Problem statement –
Please transcribe the data that follows without the pictures, keeping every word the same.

Information shown –
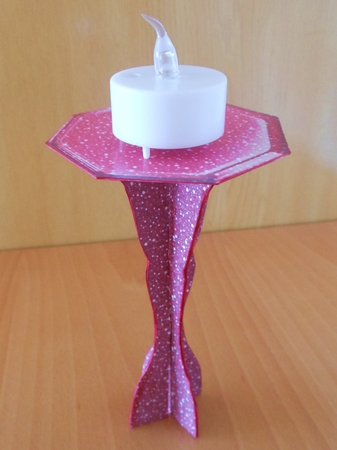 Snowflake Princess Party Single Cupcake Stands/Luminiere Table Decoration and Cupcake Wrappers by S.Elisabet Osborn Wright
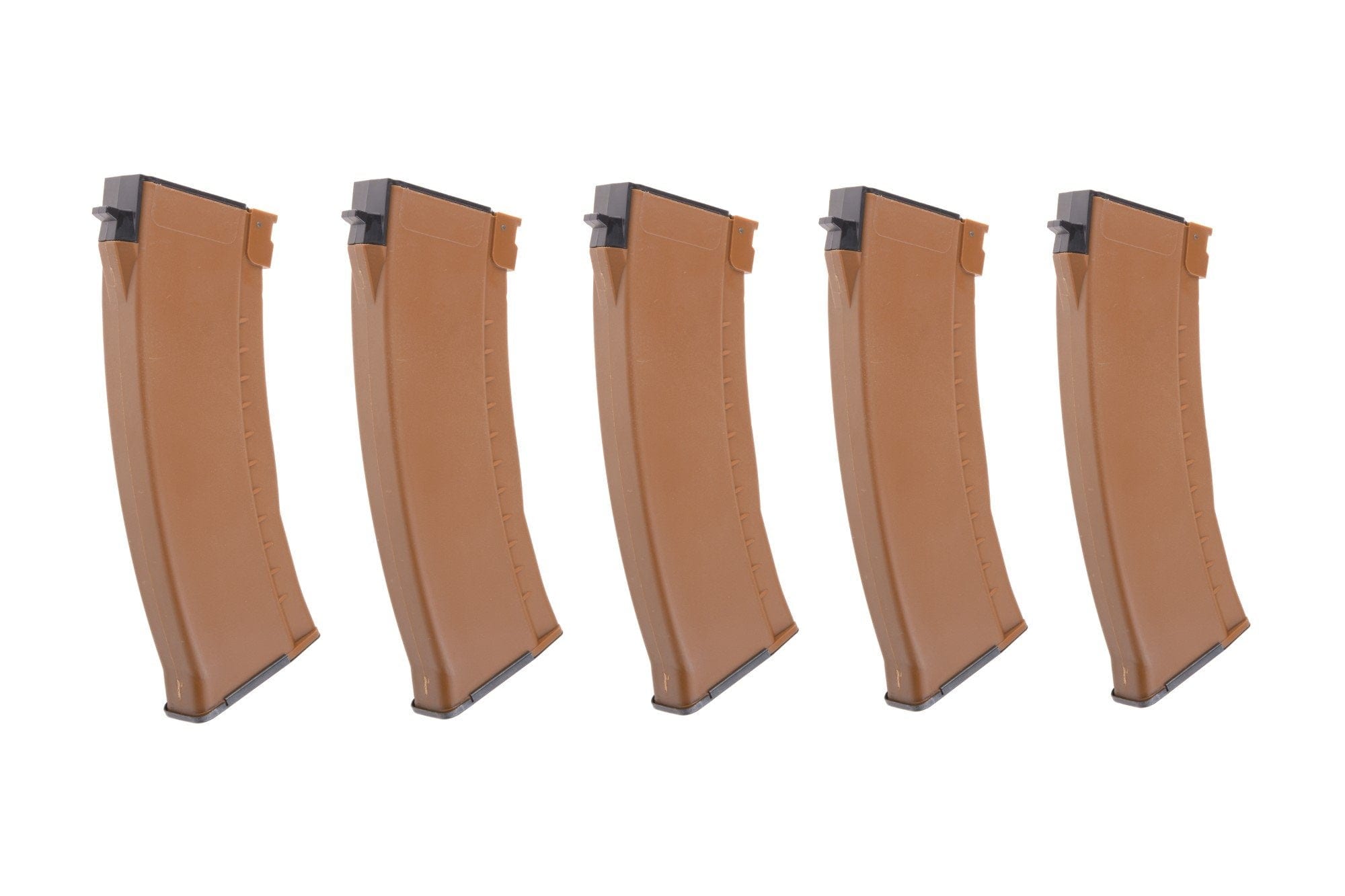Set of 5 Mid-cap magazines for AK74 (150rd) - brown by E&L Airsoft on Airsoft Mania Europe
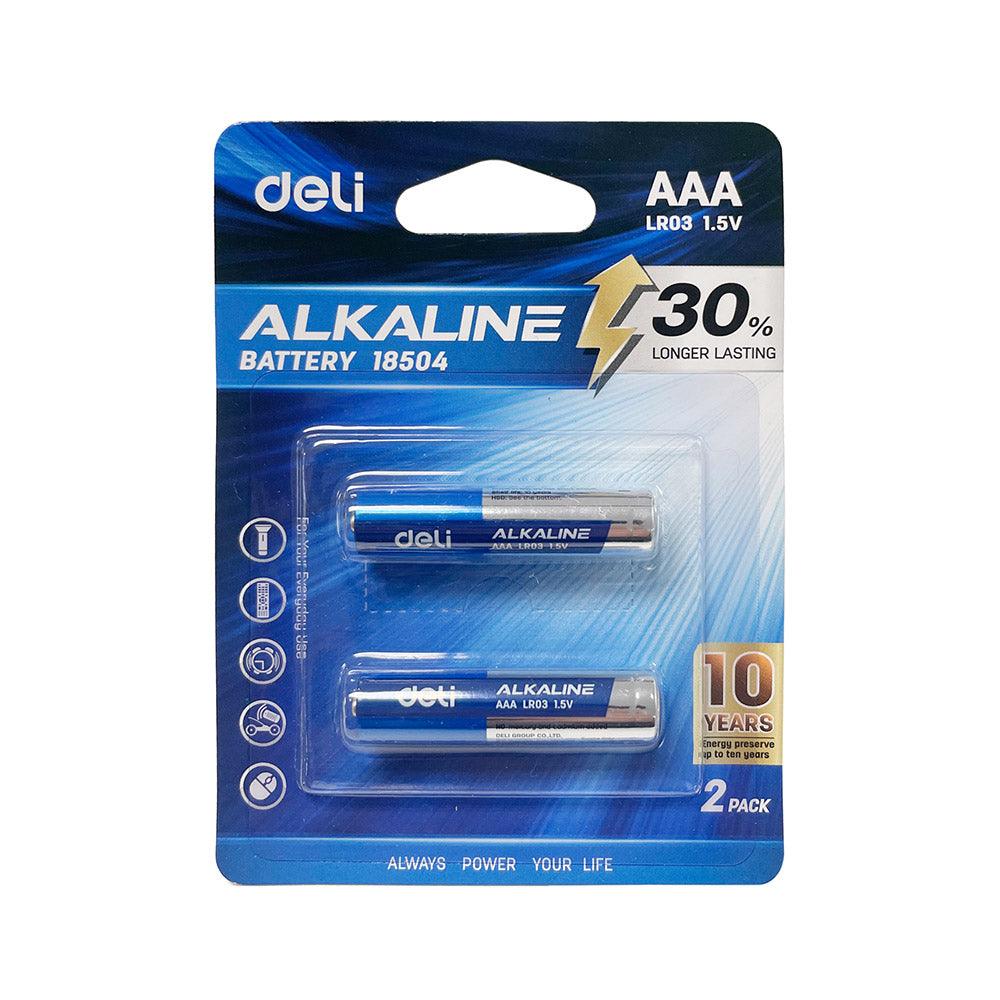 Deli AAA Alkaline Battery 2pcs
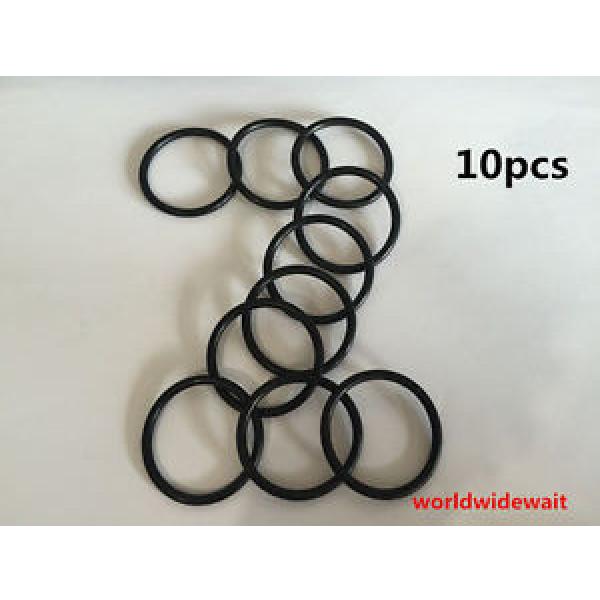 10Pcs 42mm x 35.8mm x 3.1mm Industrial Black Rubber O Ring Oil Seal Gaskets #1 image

Task output –
 Snowflake Princess Party Single Cupcake Stands/Luminiere Table Decoration and Cupcake Wrappers by S.Elisabet Osborn Wright
Set of 5 Mid-cap magazines for AK74 (150rd) - brown by E&L Airsoft on Airsoft Mania Europe
 Deli AAA Alkaline Battery 2pcs
 10Pcs 42mm x 35.8mm x 3.1mm Industrial Black Rubber O Ring Oil Seal Gaskets #1 image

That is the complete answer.